Der Vasken's Sermon on January 7, 2018

Jan 10, 2018

In the name of the Father and of the Son and of the Holy Spirit.

Yesterday, being Armenian Christmas, we continue our celebration today and focus on another event--a lesser celebrated event--let's say.  It's a lesser celebrated event that is also remembered on January 6.  Today we celebrate the Baptism of Jesus Christ as well.  This is where His story begins as an adult in this world.  And there is a relative of Jesus' in this story--a cousin of His, who plays a central role in this important event.  His name is John the Baptist--humble, selfless, a man of great faith.  The Armenian Church Fathers so highly regarded John the Baptist that they considered him as the greatest saint second only to St. Mary. 

Most of us have heard of John the Baptist, but very few of us know about him or what he did other than serve as the person who baptized Jesus.  John the Baptist is one of the most distinctive characters in the New Testament.  He had an unusual flare for fashion, wearing wild-looking clothing made of camel's hair and a leather belt around his waist.  He lived in the desert wilderness, ate locust and wild honey and preached a message that seemed strange to some but drew the attention of many others.  His role was to prepare and announce to the world of the arrival of the Son of God because he knew that with Jesus' arrival into this world, a "new" relationship was about to begin between God and people.

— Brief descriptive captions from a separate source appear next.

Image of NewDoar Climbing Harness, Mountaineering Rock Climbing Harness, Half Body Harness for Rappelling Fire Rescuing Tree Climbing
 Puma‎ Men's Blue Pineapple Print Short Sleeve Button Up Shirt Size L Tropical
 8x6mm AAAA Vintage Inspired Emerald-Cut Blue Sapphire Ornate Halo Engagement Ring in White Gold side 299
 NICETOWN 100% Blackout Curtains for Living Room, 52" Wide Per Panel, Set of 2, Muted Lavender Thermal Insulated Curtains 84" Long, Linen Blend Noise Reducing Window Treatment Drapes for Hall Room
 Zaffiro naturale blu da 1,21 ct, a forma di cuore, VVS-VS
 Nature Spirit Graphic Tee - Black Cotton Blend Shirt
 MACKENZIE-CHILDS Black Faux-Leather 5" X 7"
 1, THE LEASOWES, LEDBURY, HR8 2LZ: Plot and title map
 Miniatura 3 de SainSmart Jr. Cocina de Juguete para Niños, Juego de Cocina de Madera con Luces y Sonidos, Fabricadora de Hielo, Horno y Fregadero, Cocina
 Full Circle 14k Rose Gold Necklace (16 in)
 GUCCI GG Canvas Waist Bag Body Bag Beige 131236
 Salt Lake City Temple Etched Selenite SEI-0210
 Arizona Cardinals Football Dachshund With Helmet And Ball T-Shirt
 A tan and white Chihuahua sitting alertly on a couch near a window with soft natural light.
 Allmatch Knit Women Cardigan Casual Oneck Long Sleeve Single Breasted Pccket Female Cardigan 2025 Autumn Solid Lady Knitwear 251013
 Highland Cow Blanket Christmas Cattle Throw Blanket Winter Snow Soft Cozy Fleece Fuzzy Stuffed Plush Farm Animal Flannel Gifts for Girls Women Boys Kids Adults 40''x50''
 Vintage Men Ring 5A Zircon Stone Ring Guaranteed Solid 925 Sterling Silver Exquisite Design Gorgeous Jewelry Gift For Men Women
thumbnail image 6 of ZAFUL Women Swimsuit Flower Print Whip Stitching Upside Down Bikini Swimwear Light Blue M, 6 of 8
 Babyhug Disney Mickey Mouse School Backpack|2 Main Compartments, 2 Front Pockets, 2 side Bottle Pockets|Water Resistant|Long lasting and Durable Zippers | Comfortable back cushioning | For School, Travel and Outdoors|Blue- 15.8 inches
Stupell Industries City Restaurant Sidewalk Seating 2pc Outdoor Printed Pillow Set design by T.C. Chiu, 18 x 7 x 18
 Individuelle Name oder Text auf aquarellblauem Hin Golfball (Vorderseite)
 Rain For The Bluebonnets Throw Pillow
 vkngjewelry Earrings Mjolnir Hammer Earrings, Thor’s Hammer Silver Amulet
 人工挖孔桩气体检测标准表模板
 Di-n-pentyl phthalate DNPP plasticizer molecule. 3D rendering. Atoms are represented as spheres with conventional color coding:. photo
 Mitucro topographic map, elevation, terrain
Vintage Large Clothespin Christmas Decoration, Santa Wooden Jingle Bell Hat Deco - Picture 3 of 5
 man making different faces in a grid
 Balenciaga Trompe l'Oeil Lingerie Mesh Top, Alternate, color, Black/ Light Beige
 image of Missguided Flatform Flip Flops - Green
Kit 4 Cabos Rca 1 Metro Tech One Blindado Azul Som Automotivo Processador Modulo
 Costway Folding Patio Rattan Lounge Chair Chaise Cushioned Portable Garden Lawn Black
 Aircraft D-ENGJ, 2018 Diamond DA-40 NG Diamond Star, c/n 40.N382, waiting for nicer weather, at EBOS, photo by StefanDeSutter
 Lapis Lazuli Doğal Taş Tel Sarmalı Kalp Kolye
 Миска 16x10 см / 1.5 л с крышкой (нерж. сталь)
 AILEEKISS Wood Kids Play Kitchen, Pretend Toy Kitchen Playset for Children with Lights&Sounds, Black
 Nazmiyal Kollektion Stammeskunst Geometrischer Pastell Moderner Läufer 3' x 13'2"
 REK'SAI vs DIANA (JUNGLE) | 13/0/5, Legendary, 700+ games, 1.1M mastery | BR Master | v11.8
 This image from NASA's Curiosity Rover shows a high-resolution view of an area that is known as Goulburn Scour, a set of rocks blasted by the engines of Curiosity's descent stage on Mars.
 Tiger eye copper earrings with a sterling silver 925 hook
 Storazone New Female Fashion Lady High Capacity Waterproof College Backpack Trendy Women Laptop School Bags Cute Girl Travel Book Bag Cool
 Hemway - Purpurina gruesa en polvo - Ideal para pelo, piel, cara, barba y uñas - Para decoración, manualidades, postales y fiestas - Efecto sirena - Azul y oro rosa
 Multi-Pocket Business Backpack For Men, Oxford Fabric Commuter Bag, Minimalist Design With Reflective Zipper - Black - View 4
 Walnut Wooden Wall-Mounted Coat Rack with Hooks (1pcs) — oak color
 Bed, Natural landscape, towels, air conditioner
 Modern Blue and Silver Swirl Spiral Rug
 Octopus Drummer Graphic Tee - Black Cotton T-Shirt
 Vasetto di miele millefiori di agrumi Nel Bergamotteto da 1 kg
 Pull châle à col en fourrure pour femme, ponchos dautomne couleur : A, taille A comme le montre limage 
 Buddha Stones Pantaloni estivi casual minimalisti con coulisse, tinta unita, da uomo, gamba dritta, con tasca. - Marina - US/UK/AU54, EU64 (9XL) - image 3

St. John held no power or political influence during his time on earth but his message was spoken with great authority.  His time in this world was short-lived.  He died when he was barely thirty years old but the consequences of his actions live on even today and will for generations to come.  The Armenian Church venerates this man because of the value of his message.  He did more than baptize people.  He called on people to give up self-centered ways.  He called on people to own up to their wrongs and he called on them to establish a relationship with the Almighty God.  John the Baptist did more than baptize people.  He lifted them up and built them up and he offered them not only hope but also a new direction in life and a path to follow. 

If he lived among us today, he would be telling us to use our words to lift each other up.  If John the Baptist lived among us today, he would be encouraging us to serve God every day.  He would call us to love people and help people and to do it every day.  He would call us to reach out to those in need and help them starting right now.  He would tell us to live life by seeing the needs of others and he would tell us that we have so much to offer other people so go out and be a blessing to their lives. If people only heard these words today, think about how different our world would be.

It's not hard to criticize and condemn.  It's not hard to point out the flaws and failures of others and it's not hard to tear people down.  But God wants something else from us.  God wants us to build up and be a blessing to them.  Think about it. 

  • Is it hard to offer a compliment?
  • Is it hard to tell a member of your family that you love them?
  • Is it hard to offer an encouraging word to a child or to tell someone that you appreciate them?
  • In reality, is it really that hard to do these things?

John the Baptist, who serves as the link between the Old Testament  and the New Testament, is telling everyone , who can hear, that it's not enough to think kind words and compliments.  We need to speak them.  Today, we remember John the Baptist.  And in remembering this great saint, may we all get up each morning with an attitude that says:

  • "I'm aware that I can make someone's day better today."
  • "I'm going to build someone up."
  • "I'm going to help meet somebody else's needs."

John the Baptist went through life building up and he encourages us to be and to do no less. So think about the people in your life.  We all know of someone who needs a boost, a kind word or a pat on the back.  We see people every day at work, at school and at home, who are in need of something that money can't buy.  And so, in the spirit of this great saint, offer that person what they need.  And may we all follow his example and be today's "John the Baptist."  We all know of someone who needs a boost, a kind word or a pat on the back.  Go out and make a difference in that person's life.